At the moment, Epic's Unreal Tournament 2007 is the only other game on the market that uses Unreal Engine 3. But many more are on the way: Electronic Arts, Sony Online Entertainment, and several other game makers have licensed the engine from Epic. The PlayStation 3 (PS3) supports Unreal Engine 3 and has more than enough power to run Gears of War, but there wouldn't be much point: despite the PS3's processing advantage, it's limited to 720 vertical lines of resolution, while the Xbox 360 supports high-definition signals with 1,080 lines. "The two systems are really at parity," writes Dean Takahashi, a technology blogger at the San Jose Mercury News. "Sony will need another game with better resolution to truly show any superiority to the Microsoft console." (Nintendo's Wii belongs to the same generation of video-game hardware, and all three platforms have the same amount of internal memory--512 megabytes. But the Wii uses cheaper, slower processors that can't support the Epic engine.)

Not all of the Xbox 360's processing power goes toward graphics, of course: a good measure is reserved for game mechanics. In single-player mode, the player takes on the role of Marcus Fenix, a terse, muscle-bound former "gear" in the Coalition of Ordered Governments (COG) army, which is attempting to rid its bombed-out home planet, Sera, of a bloodthirsty subterranean race called the Locust Horde. Fenix is in prison for ignoring orders in an attempt to save his father's life. But as the Horde overruns the prison, Fenix is sprung by an old squad mate and pressed back into action.

The player can send Fenix almost anywhere in the game environment that a real marine weighed down with body armor and weapons could go, including scrambling over rubble piles and smashing through doors. But if the player is smart, Fenix spends more time diving for cover than traveling. Gun battles are the heart of Gears of War, and the best way to defeat the Horde is to put Fenix behind a concrete barrier, stick his gun--and as little of his head as possible--around the edge, pick off the nearest Locust drones, then dash to another hiding place. But the drones, too, are using cover, which forces the player to think carefully about the chesslike geography of each firefight. Snap decisions are also required, since the Horde can switch to charging, retreating, or flanking maneuvers as the situation warrants.

Technically, Gears of War is a "third-person shooter": you have control over Fenix's movements and actions, but you don't see through his eyes. Rather, you watch him from behind, as if through a movie camera.
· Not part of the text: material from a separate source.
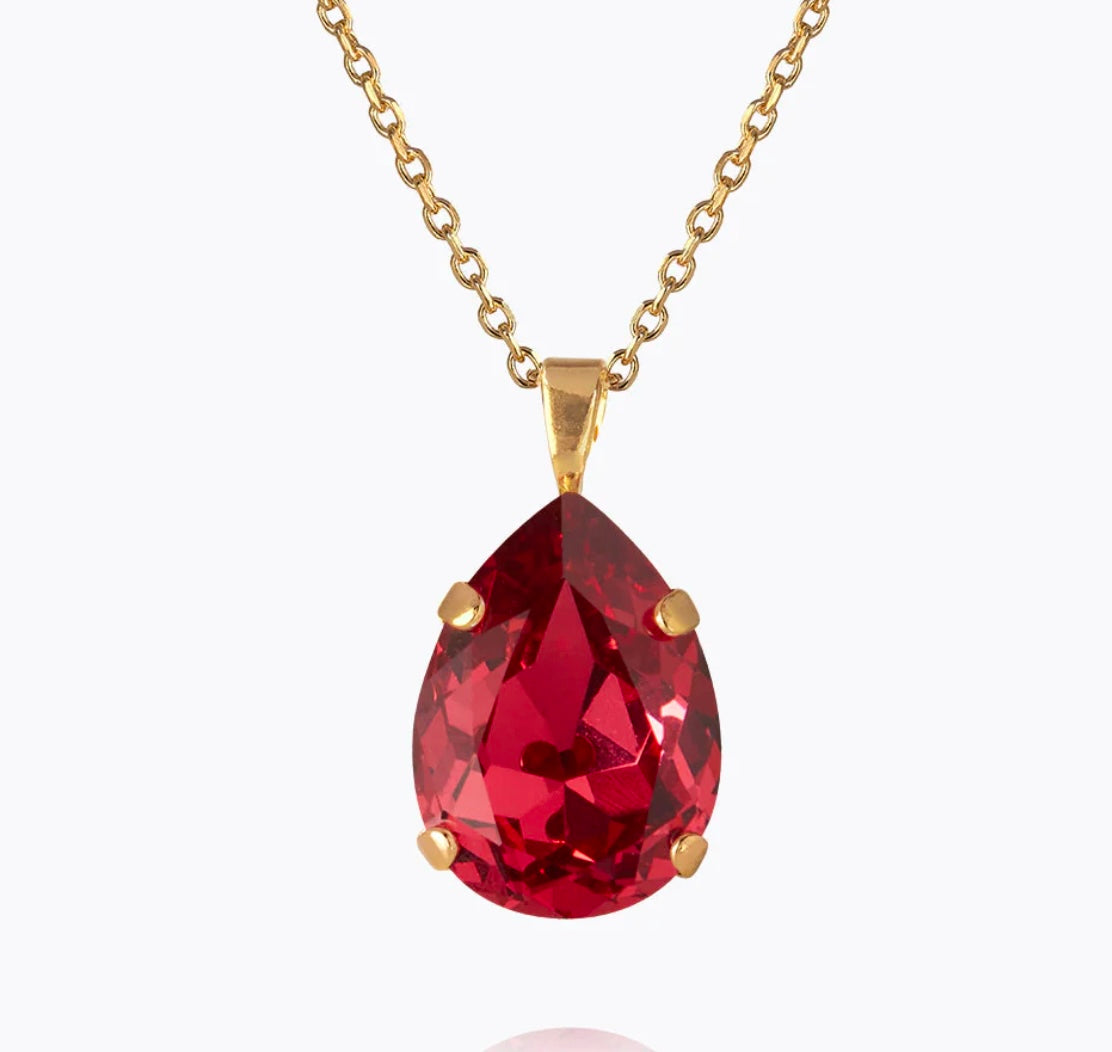 Mini Drop Necklace / Mulberry Red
That gives you a more visceral connection to the character, especially when your clumsiness with the controls gets him killed. (The Locusts literally blow him to pieces.) The third-person technique is put to more amusing effect when the player Fenix crouches and runs at the same time, a maneuver called the "roadie run." The camera bumps along behind him with a shaky movement that has led some gamers to nickname the maneuver the "CNN run."
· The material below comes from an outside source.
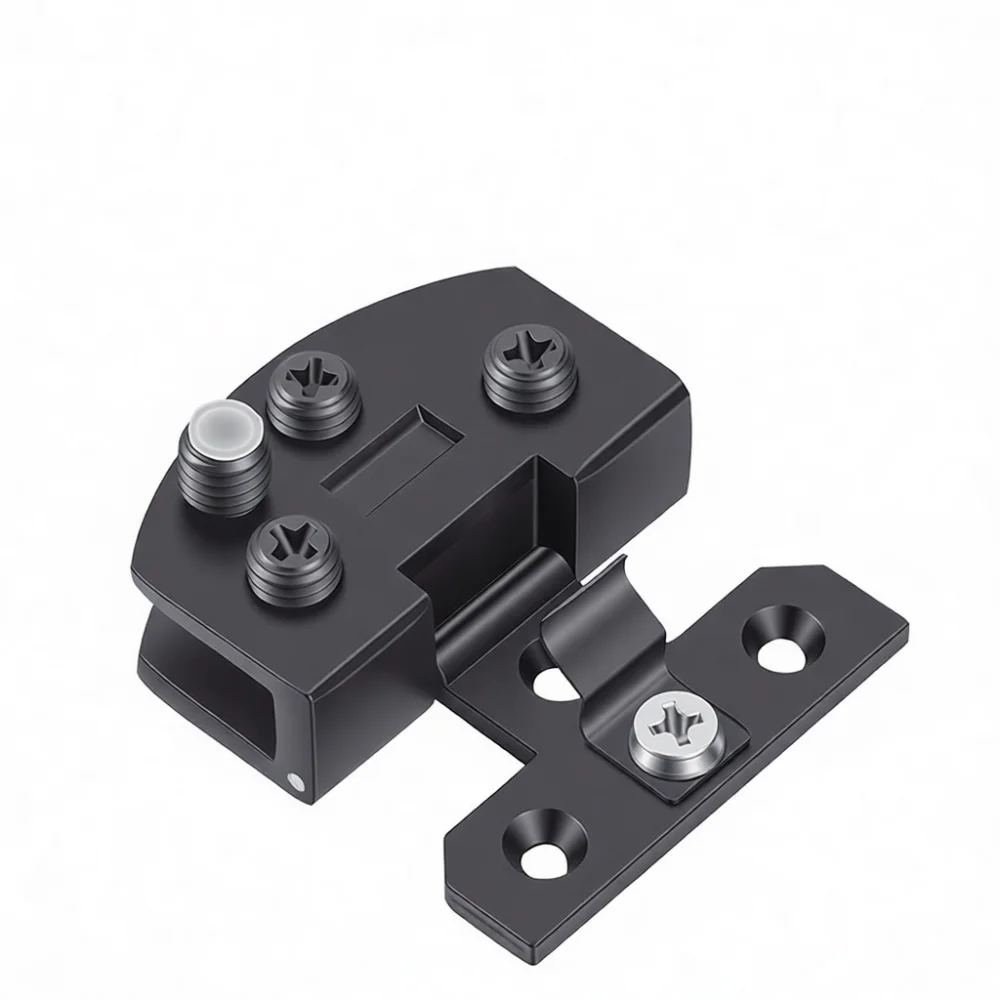 Durable Glass Door Hinge Hardware For Display Cabinet Showcase No Drill Clamp Zinc Alloy Furniture Accessory Silver Color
Fenix's weapons are standard issue, except for his delightfully malevolent Lancer machine gun, which has a built-in chainsaw for close-quarters combat, and the Hammer of Dawn, a devastating satellite-based particle beam that can be activated when Fenix is under open sky. While many video games are devilishly hard to beat even at a beginner's difficulty level, these powerful weapons help Gears of War players of all levels make steady progress--as long as they don't mind being killed and returning to the last saved checkpoint every few minutes.
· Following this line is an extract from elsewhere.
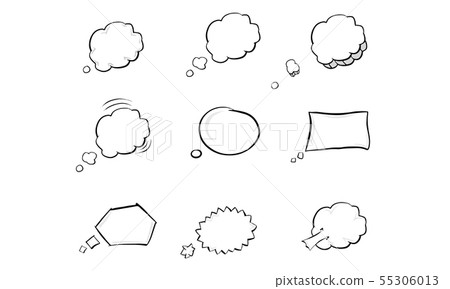 Collection of hand drawn think and talk speech Collection of hand drawn think and talk speech 55306013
While I'm not a rabid gamer and haven't tested every title out there, I can honestly say that I have never played a more immersive, heart-racing, and pleasantly challenging game. Gears of War does for the first-person-shooter genre what HBO's The Sopranos did for gangster shows, leavening the inevitable violence with new drama and intelligence, along with a big dose of old-fashioned adrenaline. It also raises the bar for the rest of the industry. Competing game developers will now have to figure out how to make their universes more textured, realistic, and responsive, while at the same time giving players more freedom to do what comes naturally--and to invent their own strategies.